Dabei geht er von der Mündlichkeit aus und betrachtet dann das Leben mit der Mündlichkeit. Danach wendet er sich den Gesetzen - ungeschrieben - zu und umreißt den Personenkreis der Bewahrer, die Textformen der Überlieferung, die mündliche Rechtsentwicklung, den Beginn der Aufzeichnungen wie in Hamburg oder im Sachsenspiegel und die geschriebenen Rechte im mündlichen Umfeld. Im Anschluss hieran stellt er Gerichte ohne Akten vor und geht dabei besonders auf Zeugenprozesse, mündliche Verhandlung, Urteilsschelte, Gerichtszeugnis, öffentliche Rechtsakte und den Weg der Schrift zum Recht ein.

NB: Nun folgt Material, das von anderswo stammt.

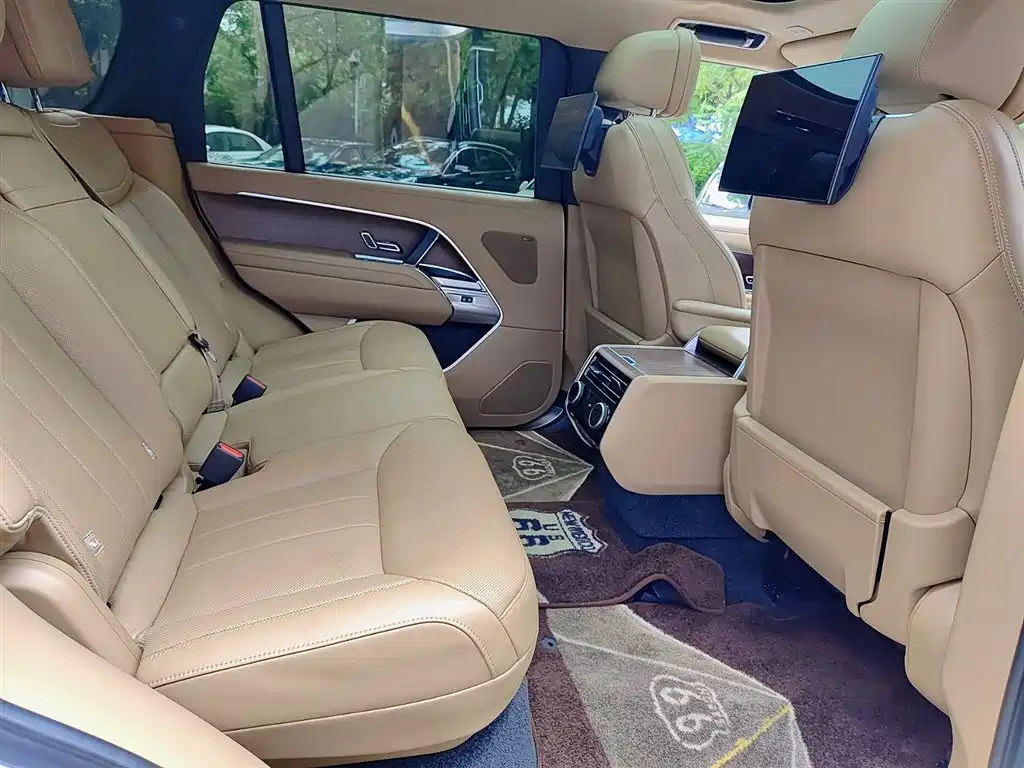 Land Rover Range Rover 2023 3.0 L6 400PS Golden Age Long Wheelbase фото 11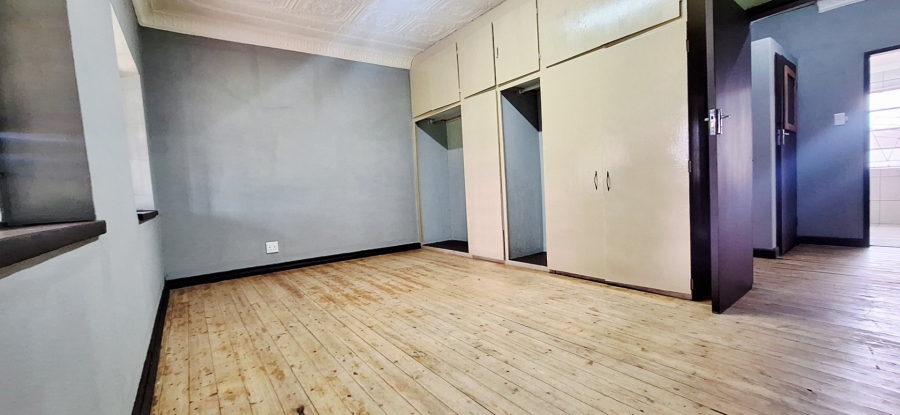 Commercial Property for Sale in Unitas Park Gauteng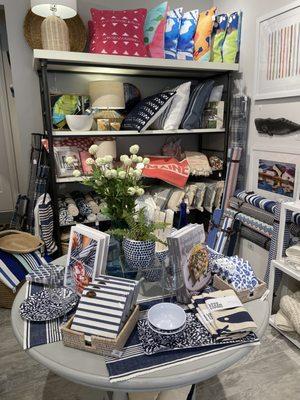 Indoor outdoor pillows & rugs and melamine dishes for outdoor entertaining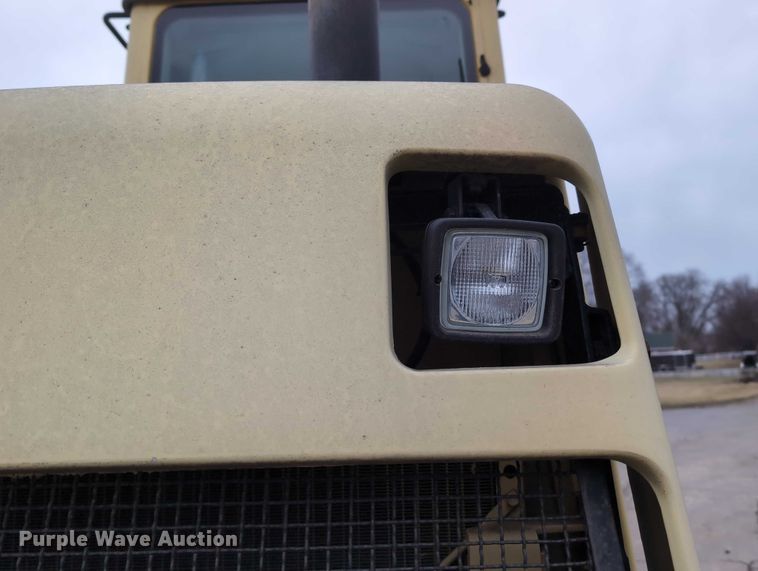 image for item EG2728 1999 New Holland LW110 wheel loader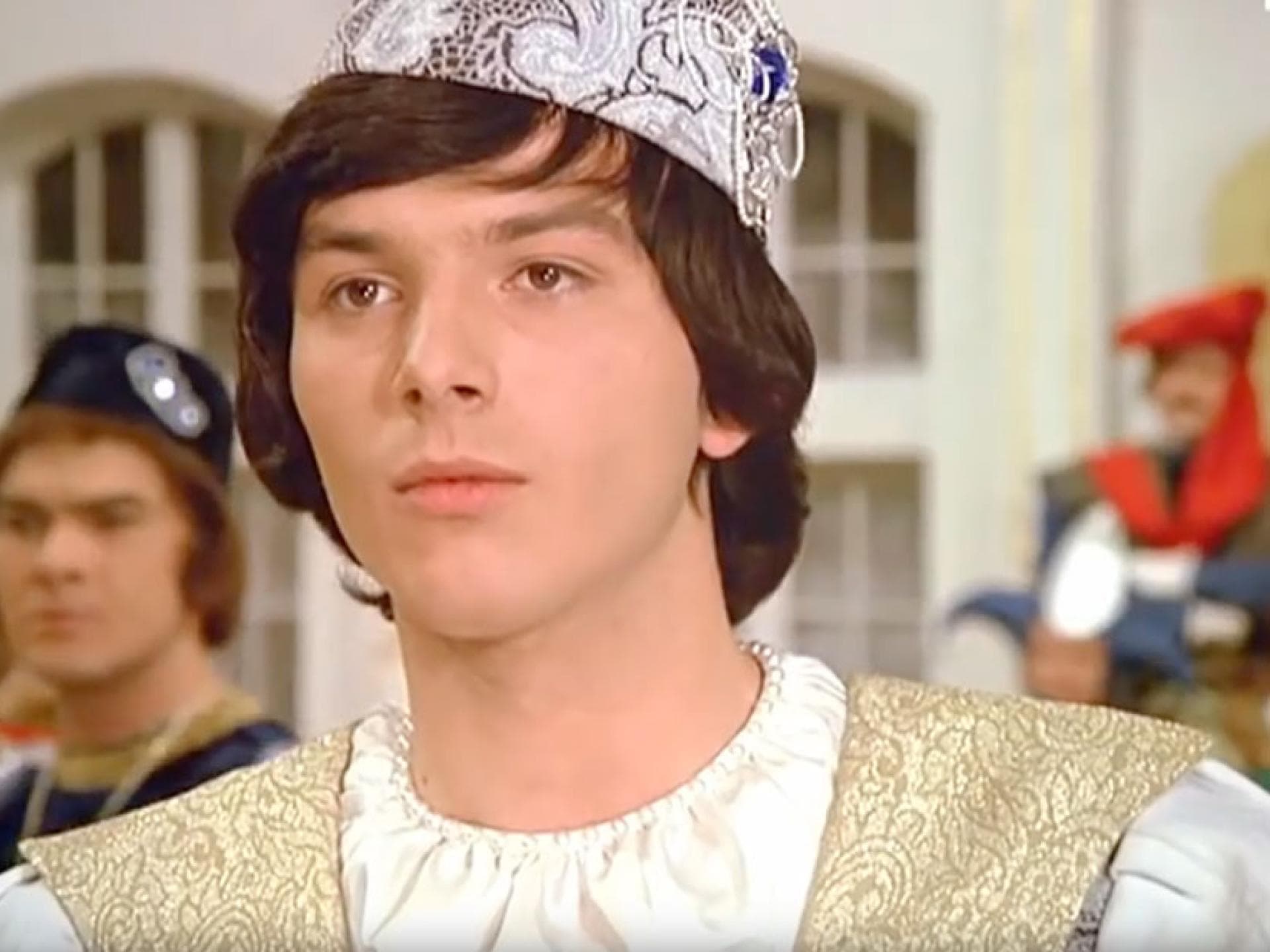 "Drei Haselnüsse für Aschenbrödel": Der Prinz (Pavel Trávníček) nachdenklich 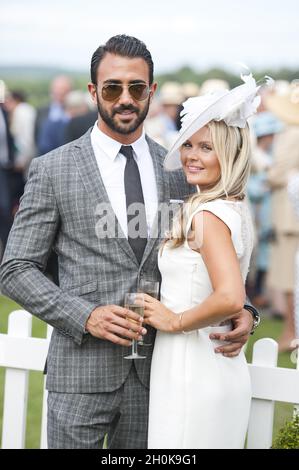 Racegoers au glorieux Goodwood 2012, Hippodrome de Goodwood, Chichester. Banque D'Images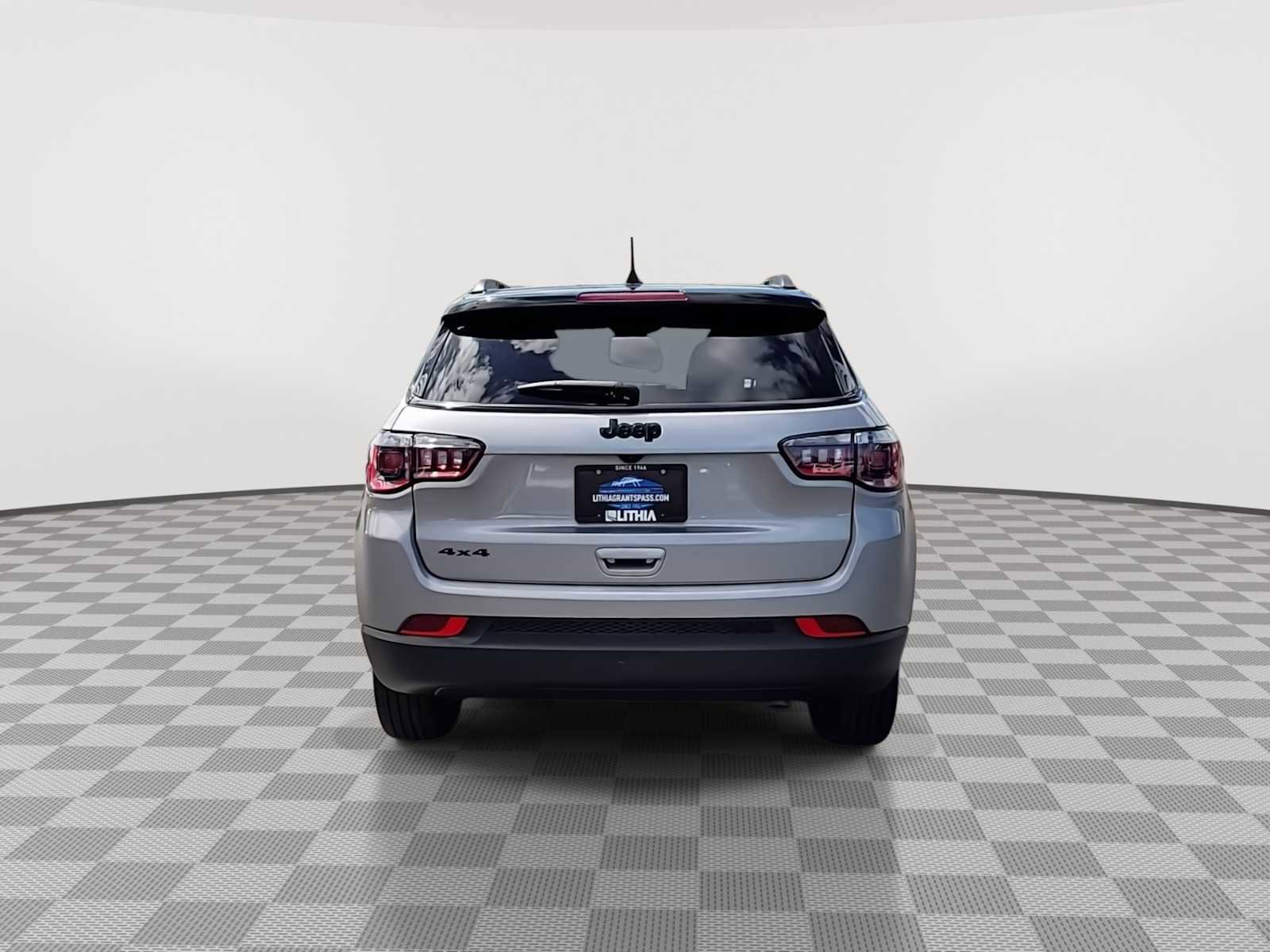 Used 2023 Jeep Compass Altitude w/ Sun and Sound Group image 7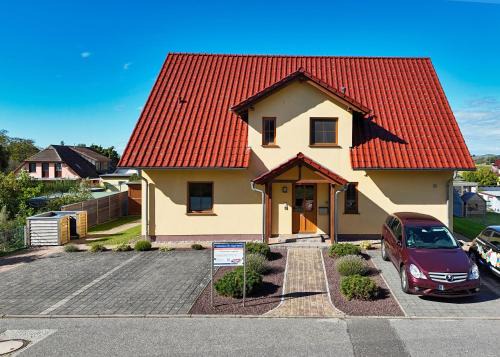 Schicke FeWo mit Terrasse, gratis Nutzung vom AHOI Erlebnisbad und Sauna in Sellin - Haus De niege Wech FeWo 02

Im Ergebnis sieht er die Mündlichkeit als prägendes Merkmal der mittelalterlichen Rechtspflege an, neben dem nur noch die Überzeugung von der Verlässlichkeit eines Eides etwa gleiche Bedeutung hatte. Auf dieser Grundlage fragt er abschließend, ob es verwunderlich sei, dass das durch das Erwachsenwerden vieler lebenslang tradierte Recht als gut und alt empfunden worden sei. Darin wird man ihm nicht widersprechen können, doch bedeutet dies nicht, dass Recht nur war, was gut und alt war, weil sich sonst Recht nie hätte ändern können, was für die Wirklichkeit des Mittelalters angesichts der Geschichtlichkeit allen Lebens und Rechts schlicht nicht zutrifft.